[I]t must not be imagined that authority knows no bounds. Since its starting point is the permission to govern in accordance with right reason, there is no escaping the conclusion that it derives its binding force from the moral order, which in turn has God as its origin and end. ...The authority of governments is limited, and not just by the constitutions by which they are structured (whether they abide by those constitutions or not is a separate question). They are bound by the restraints of right reason and natural law, which are from God. Hence they are not free to do whatever they wish. They don't get to decide what's right and wrong in a vacuum; they don't get to make wars on their own terms; they don't get to make laws that ignore moral order.
Hence, a regime which governs solely or mainly by means of threats and intimidation or promises of reward, provides men with no effective incentive to work for the common good. And even if it did, it would certainly be offensive to the dignity of free and rational human beings. Authority is before all else a moral force. For this reason the appeal of rulers should be to the individual conscience, to the duty which every man has of voluntarily contributing to the common good. But since all men are equal in natural dignity, no man has the capacity to force internal compliance on another. Only God can do that, for He alone scrutinizes and judges the secret counsels of the heart. [§§47, 48]
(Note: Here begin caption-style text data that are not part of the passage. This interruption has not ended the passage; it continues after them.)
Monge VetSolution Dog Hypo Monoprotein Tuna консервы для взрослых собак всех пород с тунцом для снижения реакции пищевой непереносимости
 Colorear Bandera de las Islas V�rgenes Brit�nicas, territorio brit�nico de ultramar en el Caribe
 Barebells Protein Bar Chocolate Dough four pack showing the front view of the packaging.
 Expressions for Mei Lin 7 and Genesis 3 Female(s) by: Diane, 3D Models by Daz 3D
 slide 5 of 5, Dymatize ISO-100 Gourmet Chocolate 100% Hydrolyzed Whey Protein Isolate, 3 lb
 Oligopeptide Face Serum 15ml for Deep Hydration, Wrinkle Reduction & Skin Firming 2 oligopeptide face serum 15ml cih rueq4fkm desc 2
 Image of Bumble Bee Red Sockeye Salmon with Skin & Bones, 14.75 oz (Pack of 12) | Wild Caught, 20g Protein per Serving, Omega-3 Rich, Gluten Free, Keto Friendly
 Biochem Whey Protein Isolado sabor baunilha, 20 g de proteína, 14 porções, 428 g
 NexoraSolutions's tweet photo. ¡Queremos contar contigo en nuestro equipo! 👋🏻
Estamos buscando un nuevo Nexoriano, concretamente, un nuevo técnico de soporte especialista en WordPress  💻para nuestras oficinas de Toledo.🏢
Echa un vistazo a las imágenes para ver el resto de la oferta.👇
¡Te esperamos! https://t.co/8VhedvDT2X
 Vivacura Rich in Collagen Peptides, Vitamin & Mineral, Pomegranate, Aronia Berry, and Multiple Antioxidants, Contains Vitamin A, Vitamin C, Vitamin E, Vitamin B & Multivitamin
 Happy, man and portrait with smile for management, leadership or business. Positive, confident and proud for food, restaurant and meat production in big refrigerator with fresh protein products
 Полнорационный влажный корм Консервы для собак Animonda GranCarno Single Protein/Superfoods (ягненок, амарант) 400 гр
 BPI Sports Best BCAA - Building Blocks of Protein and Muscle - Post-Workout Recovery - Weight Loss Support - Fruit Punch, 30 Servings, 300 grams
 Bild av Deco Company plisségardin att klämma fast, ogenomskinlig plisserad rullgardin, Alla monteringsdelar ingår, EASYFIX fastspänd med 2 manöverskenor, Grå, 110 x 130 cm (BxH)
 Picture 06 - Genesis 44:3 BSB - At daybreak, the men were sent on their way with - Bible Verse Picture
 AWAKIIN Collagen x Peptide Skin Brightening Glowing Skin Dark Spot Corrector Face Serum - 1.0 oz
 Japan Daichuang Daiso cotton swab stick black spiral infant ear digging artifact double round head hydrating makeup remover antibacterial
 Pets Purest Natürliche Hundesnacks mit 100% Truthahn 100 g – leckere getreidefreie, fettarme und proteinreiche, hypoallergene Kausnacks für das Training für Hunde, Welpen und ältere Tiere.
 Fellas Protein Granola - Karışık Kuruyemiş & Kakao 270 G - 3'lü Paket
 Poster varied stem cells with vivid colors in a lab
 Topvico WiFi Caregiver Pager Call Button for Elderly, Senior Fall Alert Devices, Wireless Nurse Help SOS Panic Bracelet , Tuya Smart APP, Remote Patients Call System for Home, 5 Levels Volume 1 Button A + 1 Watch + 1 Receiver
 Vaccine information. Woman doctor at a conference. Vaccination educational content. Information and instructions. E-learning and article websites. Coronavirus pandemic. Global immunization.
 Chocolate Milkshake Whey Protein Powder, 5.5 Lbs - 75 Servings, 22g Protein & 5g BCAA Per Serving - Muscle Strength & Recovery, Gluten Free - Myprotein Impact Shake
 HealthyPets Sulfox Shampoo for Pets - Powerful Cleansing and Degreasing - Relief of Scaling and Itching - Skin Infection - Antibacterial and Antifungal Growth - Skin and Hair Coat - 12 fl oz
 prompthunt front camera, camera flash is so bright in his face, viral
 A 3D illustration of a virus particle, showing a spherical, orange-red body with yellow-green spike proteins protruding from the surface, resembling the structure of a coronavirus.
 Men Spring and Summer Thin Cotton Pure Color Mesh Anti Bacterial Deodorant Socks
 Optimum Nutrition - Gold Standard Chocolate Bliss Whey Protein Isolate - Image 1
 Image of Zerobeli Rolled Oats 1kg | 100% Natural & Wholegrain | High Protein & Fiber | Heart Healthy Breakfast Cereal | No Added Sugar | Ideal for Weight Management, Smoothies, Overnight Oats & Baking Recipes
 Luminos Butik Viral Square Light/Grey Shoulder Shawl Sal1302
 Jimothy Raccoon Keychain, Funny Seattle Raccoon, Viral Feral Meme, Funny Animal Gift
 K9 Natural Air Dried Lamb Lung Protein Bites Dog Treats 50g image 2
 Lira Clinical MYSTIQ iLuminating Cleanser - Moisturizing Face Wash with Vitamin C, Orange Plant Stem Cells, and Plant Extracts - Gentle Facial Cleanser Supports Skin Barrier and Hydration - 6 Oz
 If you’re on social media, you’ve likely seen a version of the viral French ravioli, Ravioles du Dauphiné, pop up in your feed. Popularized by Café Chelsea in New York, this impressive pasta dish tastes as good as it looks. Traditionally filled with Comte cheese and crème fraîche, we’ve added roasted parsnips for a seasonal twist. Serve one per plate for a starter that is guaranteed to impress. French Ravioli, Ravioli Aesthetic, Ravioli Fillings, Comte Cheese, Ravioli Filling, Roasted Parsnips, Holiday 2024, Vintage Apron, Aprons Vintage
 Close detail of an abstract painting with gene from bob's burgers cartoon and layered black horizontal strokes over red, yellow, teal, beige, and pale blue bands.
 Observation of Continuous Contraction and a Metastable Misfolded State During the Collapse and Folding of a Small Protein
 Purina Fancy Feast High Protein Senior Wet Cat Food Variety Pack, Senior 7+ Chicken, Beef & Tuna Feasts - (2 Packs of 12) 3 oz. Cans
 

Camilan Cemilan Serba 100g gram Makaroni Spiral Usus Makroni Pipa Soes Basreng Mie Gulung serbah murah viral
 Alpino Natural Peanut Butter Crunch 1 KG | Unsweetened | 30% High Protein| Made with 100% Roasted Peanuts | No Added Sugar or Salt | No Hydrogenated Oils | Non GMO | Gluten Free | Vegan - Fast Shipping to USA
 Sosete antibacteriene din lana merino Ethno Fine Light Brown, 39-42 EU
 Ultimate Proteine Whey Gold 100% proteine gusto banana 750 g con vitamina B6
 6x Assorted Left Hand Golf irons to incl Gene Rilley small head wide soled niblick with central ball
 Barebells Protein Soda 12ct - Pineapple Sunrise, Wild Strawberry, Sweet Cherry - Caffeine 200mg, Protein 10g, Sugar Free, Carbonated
Obviously there are many directions we might go in considering the implications here, but the thing that interests me for the purposes of this post is that PT rejects the use of coercion or bribery as the primary or exclusive means by which governments ought to promote the common good, favoring instead moral persuasion. What are the implications of that? One that pops into my mind is that all sorts of social engineering laws, by which governments intend to manipulate citizens to do their will, are illegitimate. These might take the form of punitive taxes on goods intended to discourage their consumption, or maybe even tax credits or deductions for other goods and activities. It doesn't matter, on this account of things, whether such laws "work." To approve of them on that score is to take a utilitarian view. The point, according to the Holy Father, is that such things are offensive to human dignity, which includes free will and the use of reason.
It seems to me also that this principle undergirds the Church's rejection of the welfare state (see, for example, Compendium of the Social Doctrine of the Church §351). Our contributions for the sake of the poor should not be coerced from us, as they most certainly are when we are taxed for them. In the same way we should not be bribed by the promise of "free" (or nearly so) health care into supporting a nationalized or socialist model of medical care (and we shouldn't be coerced into providing it for others, either, for that matter).
The Pope doesn't rule out literally any sort of coercion or reward when it comes to advancing the common good, but it seems to me that instances of it are supposed to be limited to certain aspects of the common good (for example, deterrents to violations of the moral law) or else limited in significant ways. It might make sense, for example, to particularly encourage charity by way of tax deductions for contributions to disaster relief.